Security forces based at the country's largest oil refinery in Baiji are in danger of losing control of the strategic facility, Iraqi officers and US officials have warned. The Islamic State controls large areas inside the refinery and have besieged the remaining Iraqi troops. The Iraqi military and Iranian-backed Shiite militias are moving towards Baiji in an effort to break the siege.

Iraqi officers have painted a dire picture of the situation inside the refinery. A colonel said that the complex "had been completely surrounded after militants cut all remaining supply routes used by the security forces," Reuters reported. The Islamic State has mounted several attacks, including suicide bombings, in order to gain significant ground at the facility. The colonel also said that "up to two thirds" of the refinery is under the jihadist group's control.
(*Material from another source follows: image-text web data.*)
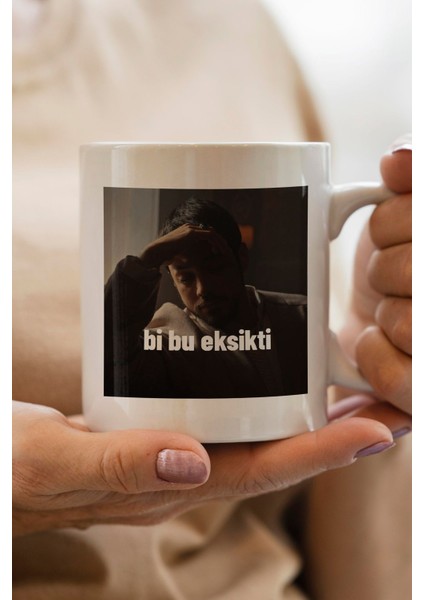 Kızıl Goncalar Cüneyd Efendi Baskılı Bi Bu Eksikti Yazılı Yılbaşı Hediyesi Kupa Bardak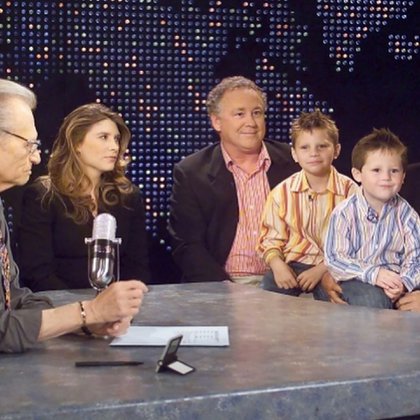 Larry King con sus hijos. Fue una de las fotos que compartió el presentador para recordar a Andy y Chaia (IG: @larrykingnow)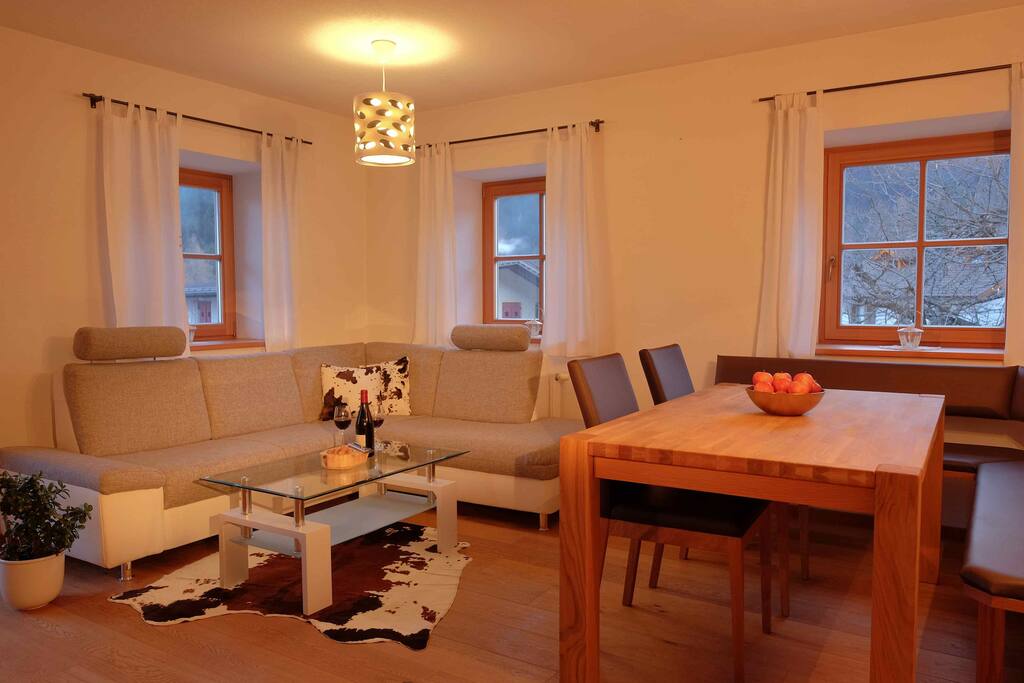 Wohnzimmer mit gemütlicher Couch
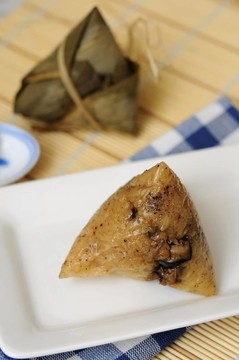 白盤子上的中國餃子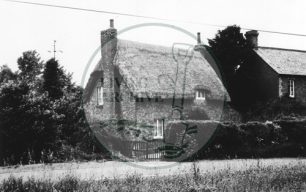 Photograph of cottage near Woolstone (1971).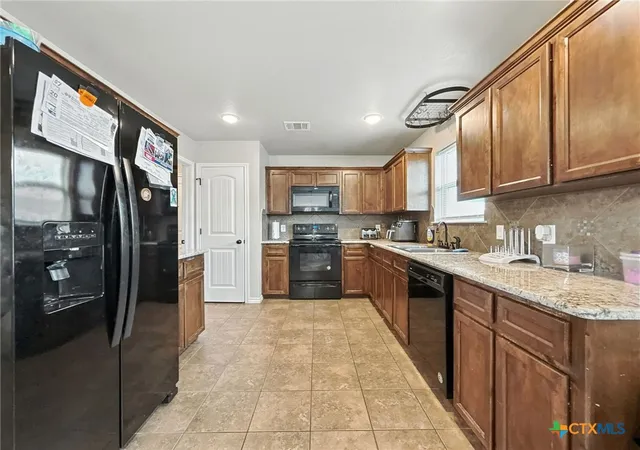 Photo 4 of Single family home for sale at 2701 Settlement Rd, Copperas Cove, TX 76522 | MLS# 591429 | Listing updated on 2026-09-01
A special forces officer interviewed by Reuters also said that several sub-refineries, the northern part of the refinery, and a large portion of the southern part of the complex is under Islamic State control. The jihadist group has pushed so far into the refinery that airstrikes will be difficult to conduct without damaging the facility, according to one Iraqi officer.

The US military has also warned that the situation in Baiji is in danger of spiraling out of control. Yesterday, Pentagon spokesman Colonel Steve Warren told reporters that the fighting is "flowing in the wrong direction," in favor of the Islamic State.

"It could still turn around. At this point, it's impossible to predict how it's going to play out," Warren stated, according to Reuters.

Islamic State in control of most of the refinery

Reports from the Baiji refinery confirm that the jihadists are in control of large sections of the sprawling complex. At least "200 policemen, soldiers, and elite special forces" are besieged by the Islamic State, Reuters reported. An officer at the scene said that troops are running low on food, water, and ammunition.

Estimates of how much of the complex is under the control of the Islamic State vary. Iraq Oil Report reported last week that the Islamic State may control up to 80 percent of the refinery. This contradicts what an Iraqi official told McClatchy; he claimed that security forces "control more than 60 percent." An official speaking with Sky News Arabia has estimated that the jihadist group controls around "90 percent."

Iraqi forces inside Baiji have called for reinforcements in recent days. The Iraqi government in Baghdad is reportedly sending several brigades to relieve the besieged forces.

The Shiite militia group Kata'ib Jund al Imam, which is ideologically aligned with Iran, has also answered the call for reinforcements. The militia has a number of fighters present at the complex. Additionally, in a video published on the group's Facebook page, the militia highlights some recent battles with the Islamic State in Baiji.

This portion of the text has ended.